▶ _WORK TASK_:
Each record below must be written out exactly as given.

[Stored entries]
╔══

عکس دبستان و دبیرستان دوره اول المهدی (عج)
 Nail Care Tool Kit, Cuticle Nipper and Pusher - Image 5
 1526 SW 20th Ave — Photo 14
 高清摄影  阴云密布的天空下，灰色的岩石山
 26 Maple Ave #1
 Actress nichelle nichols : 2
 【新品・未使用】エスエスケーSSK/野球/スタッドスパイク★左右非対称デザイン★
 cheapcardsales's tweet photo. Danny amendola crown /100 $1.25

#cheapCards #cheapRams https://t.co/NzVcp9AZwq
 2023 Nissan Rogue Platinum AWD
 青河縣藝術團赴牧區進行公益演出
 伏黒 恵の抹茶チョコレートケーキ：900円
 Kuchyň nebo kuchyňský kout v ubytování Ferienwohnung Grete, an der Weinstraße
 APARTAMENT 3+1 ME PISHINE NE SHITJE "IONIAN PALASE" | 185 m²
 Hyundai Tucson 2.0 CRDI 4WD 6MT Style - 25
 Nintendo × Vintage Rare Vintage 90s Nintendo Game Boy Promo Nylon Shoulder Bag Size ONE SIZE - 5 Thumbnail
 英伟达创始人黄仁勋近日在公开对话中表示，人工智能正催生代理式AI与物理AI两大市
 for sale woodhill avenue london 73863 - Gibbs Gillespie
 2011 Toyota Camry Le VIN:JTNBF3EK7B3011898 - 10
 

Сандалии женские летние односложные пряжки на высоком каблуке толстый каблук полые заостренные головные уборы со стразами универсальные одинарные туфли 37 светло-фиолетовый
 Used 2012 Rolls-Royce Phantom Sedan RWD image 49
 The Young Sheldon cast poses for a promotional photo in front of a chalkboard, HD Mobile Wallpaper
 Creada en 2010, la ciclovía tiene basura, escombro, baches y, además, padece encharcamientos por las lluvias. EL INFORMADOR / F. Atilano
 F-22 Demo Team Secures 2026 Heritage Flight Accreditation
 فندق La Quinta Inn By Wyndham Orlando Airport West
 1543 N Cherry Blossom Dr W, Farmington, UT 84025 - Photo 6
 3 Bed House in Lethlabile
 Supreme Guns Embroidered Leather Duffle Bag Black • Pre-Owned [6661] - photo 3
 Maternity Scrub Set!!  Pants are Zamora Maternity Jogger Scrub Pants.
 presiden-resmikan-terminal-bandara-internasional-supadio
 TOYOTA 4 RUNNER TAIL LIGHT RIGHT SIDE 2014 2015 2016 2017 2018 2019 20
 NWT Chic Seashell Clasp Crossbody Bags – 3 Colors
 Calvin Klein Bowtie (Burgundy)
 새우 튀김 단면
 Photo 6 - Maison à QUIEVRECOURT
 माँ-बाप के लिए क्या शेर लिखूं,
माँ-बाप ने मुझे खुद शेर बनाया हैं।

╚══

▶ _WRITTEN SOLUTION_:
عکس دبستان و دبیرستان دوره اول المهدی (عج)
 Nail Care Tool Kit, Cuticle Nipper and Pusher - Image 5
 1526 SW 20th Ave — Photo 14
 高清摄影  阴云密布的天空下，灰色的岩石山
 26 Maple Ave #1
 Actress nichelle nichols : 2
 【新品・未使用】エスエスケーSSK/野球/スタッドスパイク★左右非対称デザイン★
 cheapcardsales's tweet photo. Danny amendola crown /100 $1.25

#cheapCards #cheapRams https://t.co/NzVcp9AZwq
 2023 Nissan Rogue Platinum AWD
 青河縣藝術團赴牧區進行公益演出
 伏黒 恵の抹茶チョコレートケーキ：900円
 Kuchyň nebo kuchyňský kout v ubytování Ferienwohnung Grete, an der Weinstraße
 APARTAMENT 3+1 ME PISHINE NE SHITJE "IONIAN PALASE" | 185 m²
 Hyundai Tucson 2.0 CRDI 4WD 6MT Style - 25
 Nintendo × Vintage Rare Vintage 90s Nintendo Game Boy Promo Nylon Shoulder Bag Size ONE SIZE - 5 Thumbnail
 英伟达创始人黄仁勋近日在公开对话中表示，人工智能正催生代理式AI与物理AI两大市
 for sale woodhill avenue london 73863 - Gibbs Gillespie
 2011 Toyota Camry Le VIN:JTNBF3EK7B3011898 - 10
 

Сандалии женские летние односложные пряжки на высоком каблуке толстый каблук полые заостренные головные уборы со стразами универсальные одинарные туфли 37 светло-фиолетовый
 Used 2012 Rolls-Royce Phantom Sedan RWD image 49
 The Young Sheldon cast poses for a promotional photo in front of a chalkboard, HD Mobile Wallpaper
 Creada en 2010, la ciclovía tiene basura, escombro, baches y, además, padece encharcamientos por las lluvias. EL INFORMADOR / F. Atilano
 F-22 Demo Team Secures 2026 Heritage Flight Accreditation
 فندق La Quinta Inn By Wyndham Orlando Airport West
 1543 N Cherry Blossom Dr W, Farmington, UT 84025 - Photo 6
 3 Bed House in Lethlabile
 Supreme Guns Embroidered Leather Duffle Bag Black • Pre-Owned [6661] - photo 3
 Maternity Scrub Set!!  Pants are Zamora Maternity Jogger Scrub Pants.
 presiden-resmikan-terminal-bandara-internasional-supadio
 TOYOTA 4 RUNNER TAIL LIGHT RIGHT SIDE 2014 2015 2016 2017 2018 2019 20
 NWT Chic Seashell Clasp Crossbody Bags – 3 Colors
 Calvin Klein Bowtie (Burgundy)
 새우 튀김 단면
 Photo 6 - Maison à QUIEVRECOURT
 माँ-बाप के लिए क्या शेर लिखूं,
माँ-बाप ने मुझे खुद शेर बनाया हैं।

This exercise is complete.